Esta mañana, al levantarme, siento que mi mente vacila por unos momentos y no hace más que preguntarse, una y mil veces: ¿Que ha ocurrido? ¿Por qué hemos llegado a esta situación? ¡No puede ser cierto lo que nos está ocurriendo en España! Pero una vez en suelo firme, y constatada la realidad del reinado del coronavirus (COVID-19), me preparo para mentalizarme en el sentido de que no me quedan más cojones que asumir la realidad que comienzo a vivir confinado en mi casa durante, al menos, los próximos 15 días, privado de libertad para circular por la calle, de acuerdo con el decreto del gobierno promulgando el Estado de Alarma en todo el territorio español.
Lo primero que se me ocurre es comenzar a redactar una especie de diario donde recoger todos los pormenores que vayan ocurriendo durante el confinamiento, relatados de una manera fiel, esto es, llamando en todo momento a las cosas por su nombre y apellidos. Ello, no solo me servirá como terapia, sino también, y principalmente, como una herramienta válida ante cualquier otra catástrofe que pueda presentarse.

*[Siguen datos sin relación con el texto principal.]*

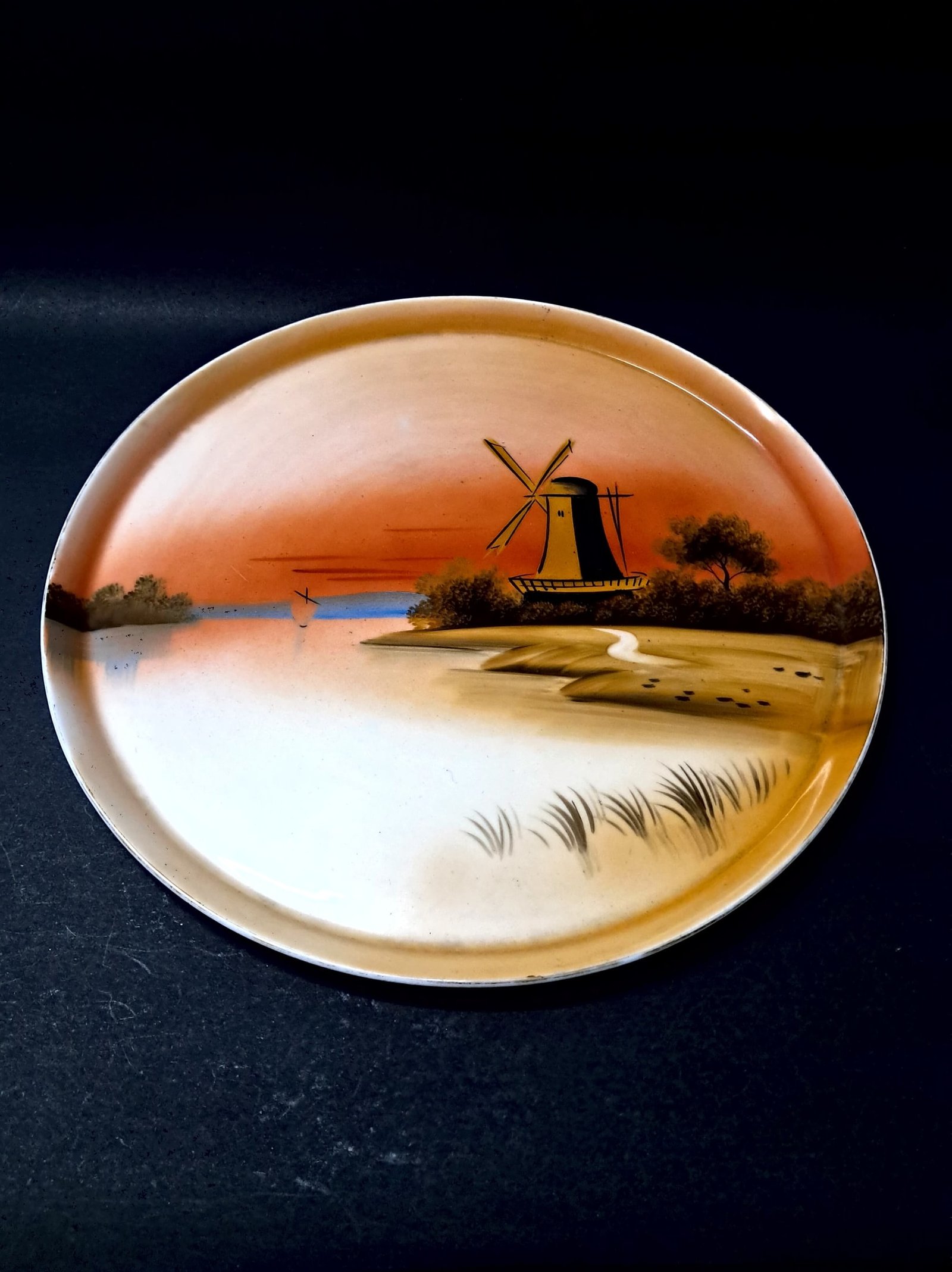 Vintage R.C. Scenic Landscape Serving Tray – Made in Japan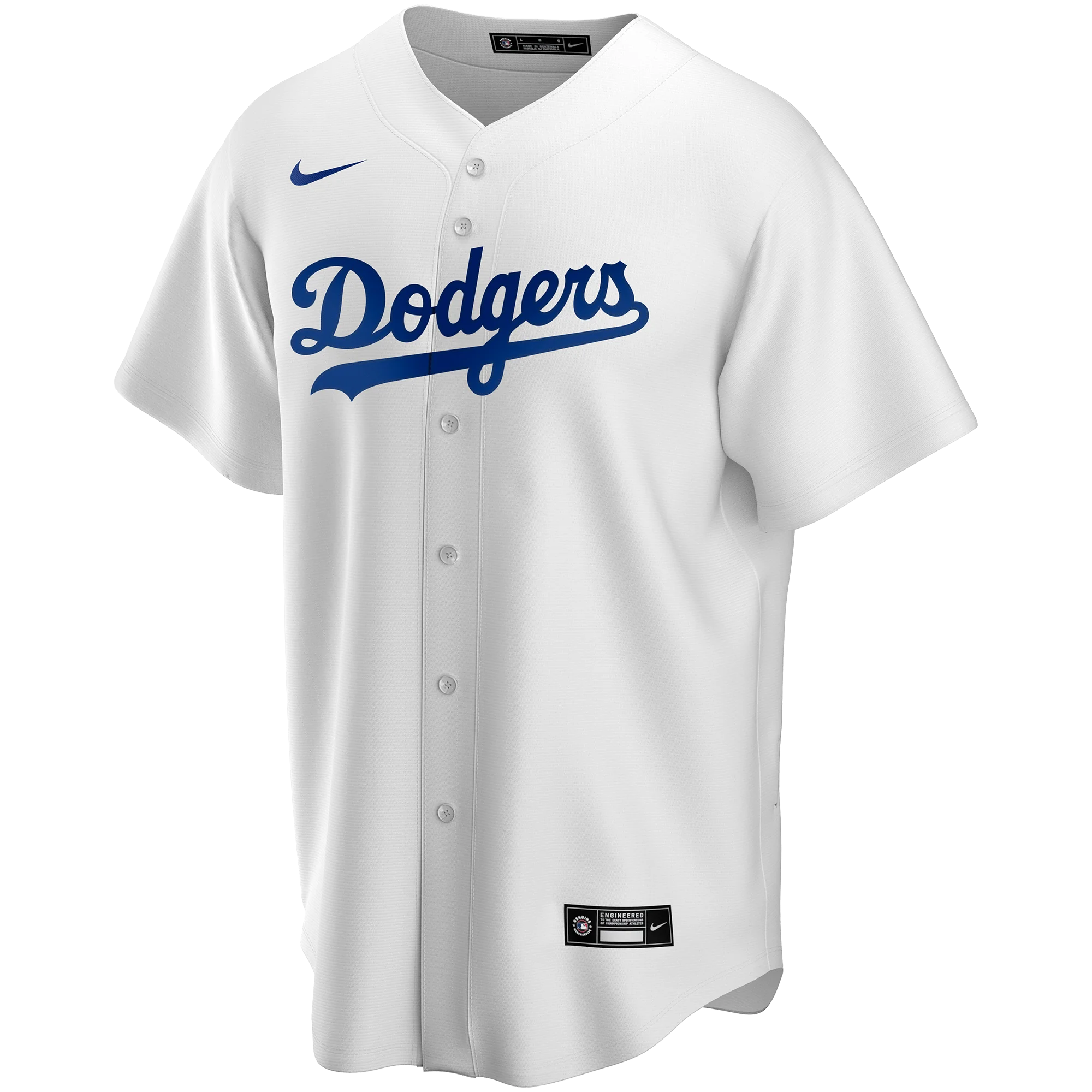 Los Angeles Dodgers Blank Home Replica Team Jersey - White - Image 2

Lógicamente, comenzaré desde la fecha del 30 de enero de 2019, fecha en la que se produce el primer aviso serio de lo que hoy significa la guerra contra el coronavirus (COVID-19).
En efecto, nos remontaremos necesariamente a la fecha del 31 de enero, cuando quedaba confirmado por el Centro Nacional de Microbiología del primer caso de coronavirus en la isla canaria de La Gomera. A miles de kilómetros de distancia, en China, ya se estaba librando una dura batalla contra la enfermedad, quedando confinada la provincia de Hubei. La práctica totalidad de los medios de comunicación, especialmente los conocidos tertulianos y tertulianas televisivos de “a tanto la palabra”, llevaban días informando del virus que prendía como la pólvora en el pueblo chino – menos mal que no se trataba de Venezuela o Cuba -, pero en Europa, en España, estaba todo perfectamente controlado.
Claro que el gobierno y la oposición lo sabían, pero primaba la precampaña electoral del País Vasco y Galicia, cuyas elecciones habían quedado convocadas para el 5 de abril de 2020.
El día anterior, 30 de enero, en una reunión técnica que tuvo lugar en el ministerio de Sanidad, uno de los expertos en Salud Pública de la Organización Médica Colegial (Juan Martínez Hernández) alertaba al gobierno sobre los grandes peligros que suponía la presencia del coronavirus que podía ocasionar infecciones graves y mortales y contra los que no había todavía ni vacuna ni tratamiento, pero la mayoría de los expertos, entre los que se encontraba el director del Centro de Control de Alertas y Emergencias de Sanidad, Fernando Simón, desoyeron las alertas expuestas y decidieron quitarle importancia. Es decir, el gobierno tenía datos, lo sabía, pero, quizás pensando más en el perjuicio que esto podía suponer para la economía impuso la inacción. Hoy se sabe que, el Consejo Superior de Investigaciones Científicas (CSIC), la agencia estatal de investigación adscrita al Ministerio de Ciencia e Innovación, advirtió al Gobierno “desde el primer momento” de la “gravedad” del brote de coronavirus, pero el gobierno de España no decretó el Estado de Alarma hasta el día 14, cuando la cifra de muertos por el Covid-19 se elevaba entonces a 136.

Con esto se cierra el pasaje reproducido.